Since so many large North American cities now have a rail connection to their airports, they've been folded into this transit fare comparison study.
While there are certainly differences in terms of the quality of experience in riding a plush express train like UPX versus a multi-stop commuter train in Denver, or a sleek light rail in Minneapolis, or a crowded subway in Chicago, they're included here since, at the end of the day, these air-rail links are public transit that gets you from a city’s downtown to its airport with low cost and frequent service.
Here, Toronto is once more in the top tier of fares.
Discounting for the Canadian dollar makes this look a little better, and perhaps this is the one transit mode where worldly tourists may find that exchange rate to be advantageous, but then again they will likely be paying the $12.35 standard fare and not the $9.25 Presto fare.
At least the comfy environs of the UPX and its limited number of stops add some value to that relatively high fare..

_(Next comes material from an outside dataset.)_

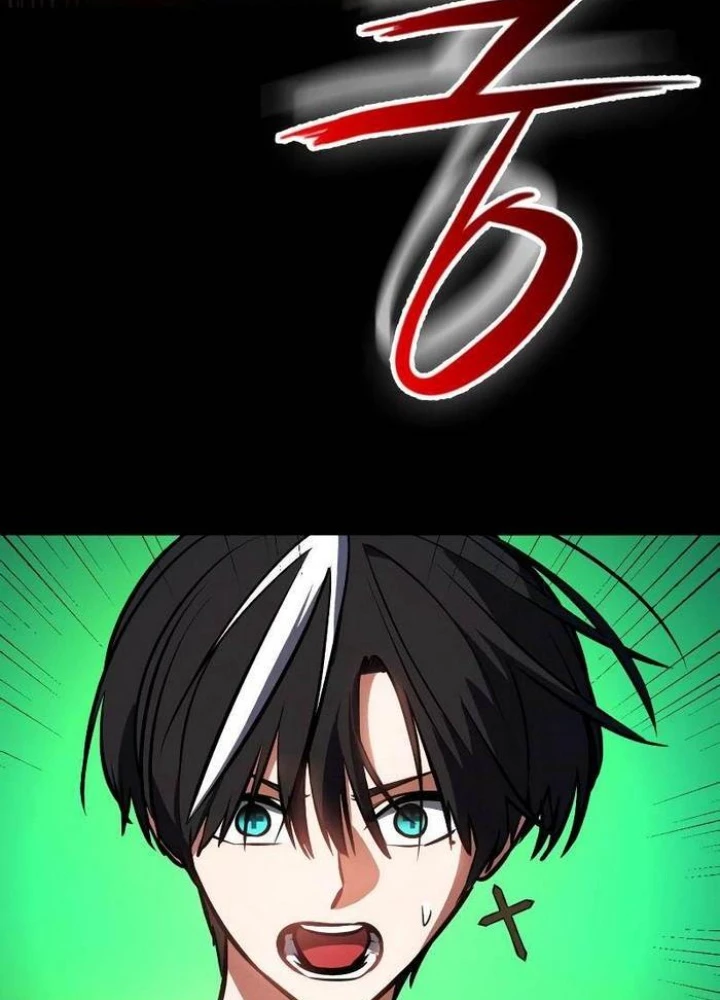 Nhật Hành Nhân Chapter 30 - Trang 2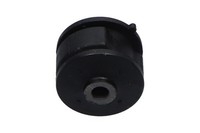 Kavo Parts Stabilisatorlager FüR Hyundai Tucson JM KIA Sportage Je_ Km_ KM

In conclusion, while there are many assumptions that can be challenged, and endless details to differentiate over, these charts do show a continuing disappointing standing by the TTC in 2019.
On the whole this comparison suggests Toronto continues to have one of the most expensive transit systems in the United States or Canada.
Perhaps the TTC will work around the margins to improve matters by, say, untethering monthly passes from the calendar. And of course, the Crosstown Line is under construction, adding more value to those expensive fares.
But with subway uploading on the horizon and underfunding a chronic issue, it may be a while before the TTC fares compare better to their peers.